A scale-free distribution of false positives for a large class of audio similarity measures

The "bag-of-frames" approach (BOF) to audio pattern recognition models signals as the long-term statistical distribution of their local spectral features, a prototypical implementation of which being Gaussian Mixture Models of Mel-Frequency Cepstrum Coefficients. This approach is the most predominant paradigm to extract high-level descriptions from music signals, such as their instrument, genre or mood, and can also be used to compute direct timbre similarity between songs. However, a recent study by the authors shows that this class of algorithms when applied to music tends to create false positives which are mostly always the same songs regardless of the query.

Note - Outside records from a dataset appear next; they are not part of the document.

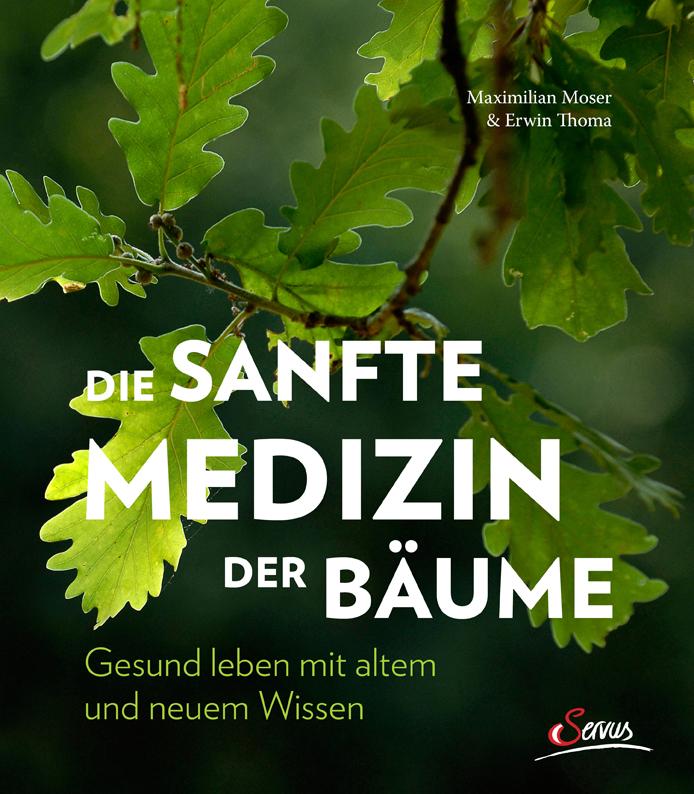 Die sanfte Medizin der Bäume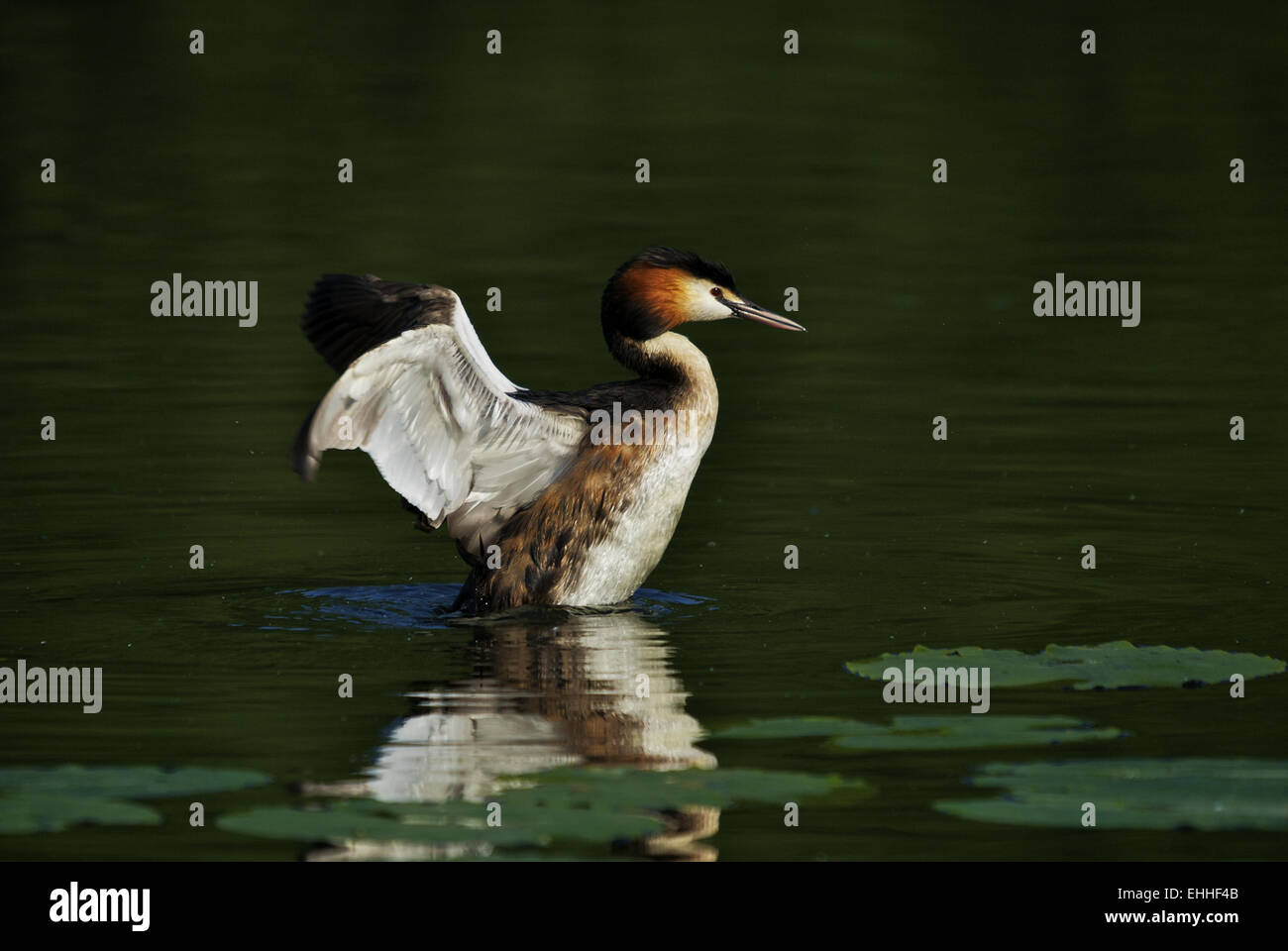 Great Crested Grebe Stock Photo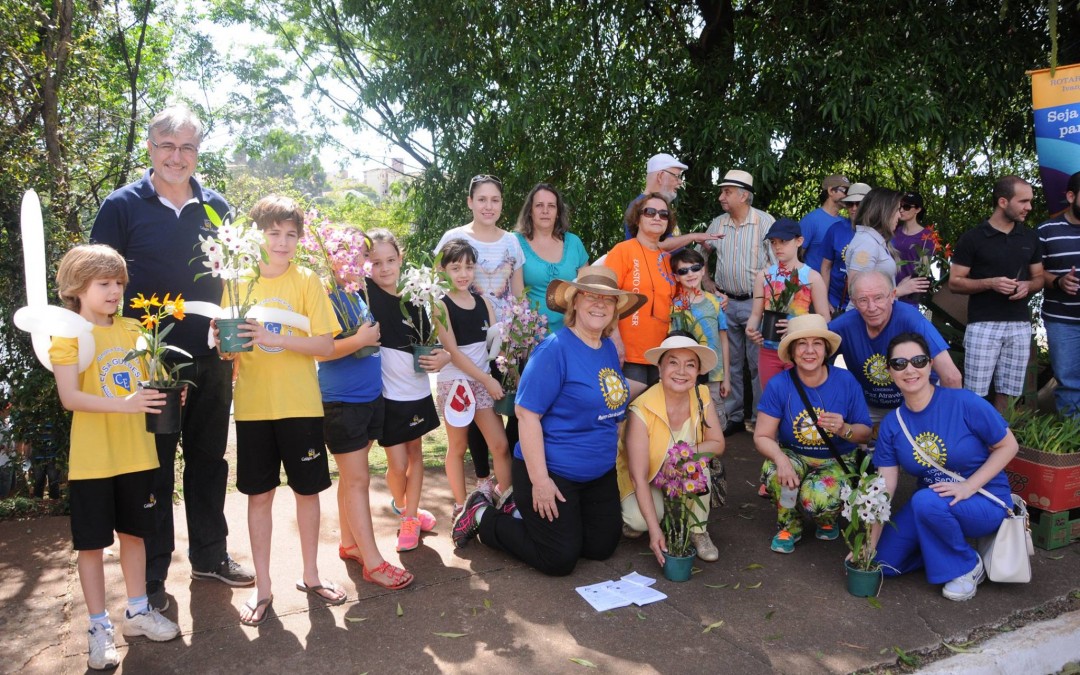 Plantio de orquídeas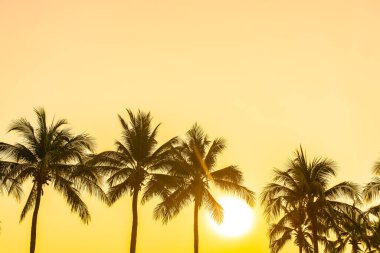 Gün batımında ya da gün doğumunda gökyüzü olan güzel hindistan cevizi palmiyesi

In other words, with such models, there exist songs-which we call hubs-which are irrelevantly close to very many songs. This paper reports on a number of experiments, using implementations on large music databases, aiming at better understanding the nature and causes of such hub songs. We introduce two measures of "hubness", the number of n-occurrences and the mean neighbor angle. We find that in typical music databases, hubs are distributed along a scale-free distribution: non-hub songs are extremely common, and large hubs are extremely rare-but they exist. Moreover, we establish that hubs are not a property of a given modelling strategy (i.e. static vs dynamic, parametric vs non-parametric, etc.) but rather tend to occur with any type of model, however only for data with a given amount of "heterogeneity" (to be defined). This suggests that the existence of hubs could be an important phenomenon which generalizes over the specific problem of music modelling, and indicates a general structural property of an important class of pattern recognition algorithms.